Kabat-Zinn believes that there are limits to what medicine can do and that we must participate in our own well-being and health. Rather than living our lives as if they don't matter, we need to embrace the entirety of our lives and accept it. Mind/body interventions such as mindfulness are excellent complements to medicine.

We have to really get to know ourselves, be present to what is occurring as it is occurring. That is the secret to health. He constantly reminds us that the present moment is often overlooked because we're so busy looking backward or forward.

According to Kabat-Zinn, if we're breathing there is more right with us than wrong with us. From that point, the emphasis is on cultivating mindfulness on what is right with us by paying attention to everything we do. We need to learn to live our lives without judgment and to have compassion for ourselves.

We are our own worst critic and judge. Because of those behaviors, we severely limit what we are capable of doing. By focusing on all the negative aspects of our lives, we continue the cycle of stress and unhappiness that brought you to this class in the first place.

Life is a meditation practice because every moment gives you the opportunity to be present. By practicing mindfulness there will be a greater stability in our mind and a calmness of spirit that has been missing.

Mindfulness allows you to put yourself first for a time, to pay attention to what it is you need, physically, mentally, and emotionally. When we don't monitor our state of mind our feelings and emotions will take over, hijacking us into seeing our life through the colored lens of fear, anxiety, depression, and stress.

John Kabat-Zinn is fond of saying, "If you're still breathing, there's more right with you than there is wrong with you." When there is more right with you than wrong, there is still room for growth and self-improvement.

Until then, however, take your notebook and write down the things that are going on in your mind right now.

Write the following phrases and then continue on with them.
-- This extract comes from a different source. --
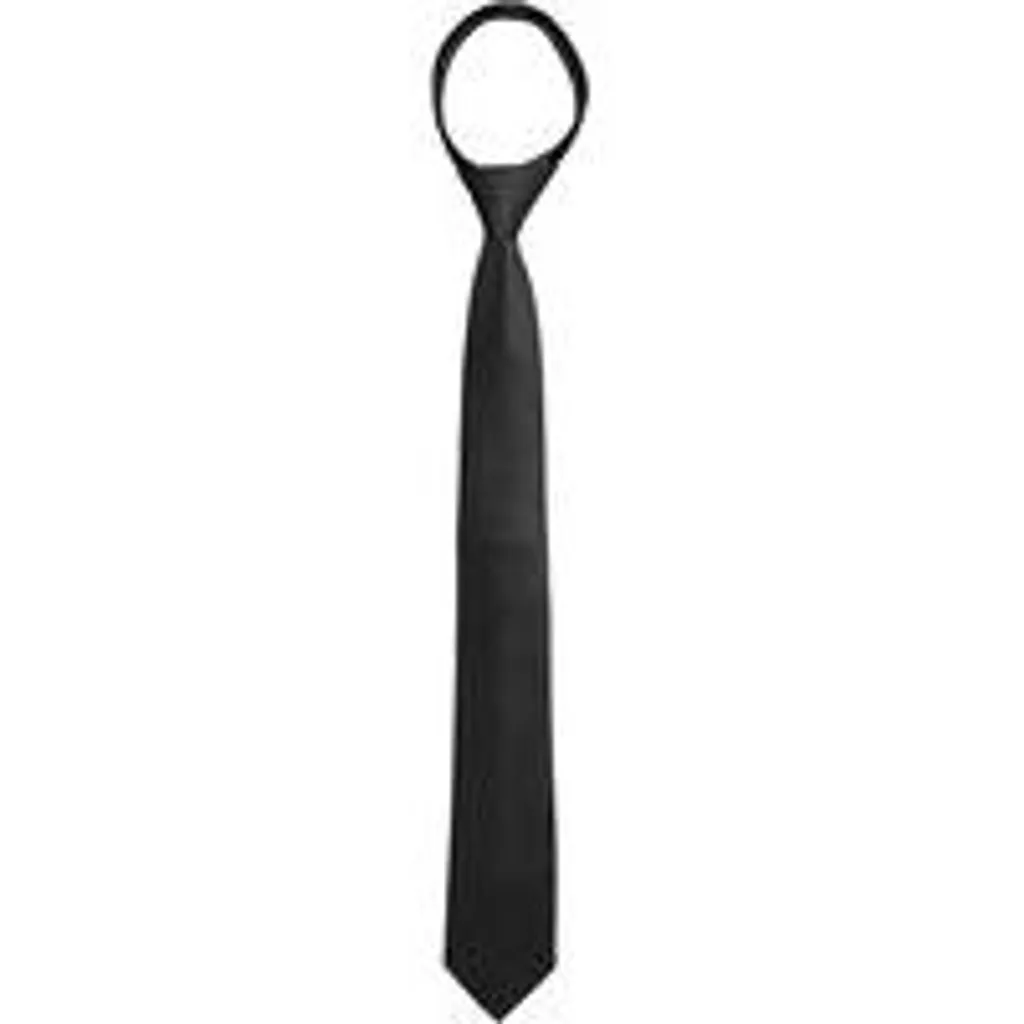 Cravate noire à boucle ajustable - Système de fixation rapide et fiable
Sometimes just by writing things down you will become aware of the things that really are on your mind, but you haven't taken the time to think about them because you're so busy with the past or the future to tend to them. Because mindfulness means that you will become intentionally aware of things in your life, you will be intentionally noticing your experiences and how you are reacting to them. Use these phrases as many times as you need to get as many of your thoughts, fears, and anxieties out as possible.

I fear…

I believe…

I want…

I wish…

I think…

As you write, remember that mindfulness is, at its simplest level, paying attention to your life as it happens to you. It gives you the opportunity to stop and "smell the roses" or to notice something beautiful or touching without rushing past it without noticing.

Ways of Being Aware

Because we are taught to be productive every minute of every day, we think that by noticing our breath we have to think about our breath. Or to notice your thinking as meaning you should haven't have any other thoughts than your breathing or pose or posture you may assume if you are practicing a form of meditation.

The idea is to observe. To observe your breath as it goes in and out as a way of focusing. To notice your thinking, just to be aware of your thoughts and then deciding what you want to do with the thoughts. This allows you to be in control rather than allowing your thoughts to hijack your brain and take off running full tilt in a direction you never intended. For example, if you're working on a mindfulness practice of practicing calm breathing, then as soon as you notice that you're thinking of things other than your breath, you choose to bring your thoughts back to your breathing.

Mindfulness can be as simple as noticing your response to a thought or to an idea, becoming curious about it rather than being judgmental about it. As children we were taught that certain thoughts were bad and other thoughts were good, we learned judgment at a very young age. In mindfulness we learn acceptance, to be kind and gentle with ourselves.

Mindfulness is not a place at which you arrive, it is not a destination. It is a way of being. Mindfulness is the journey.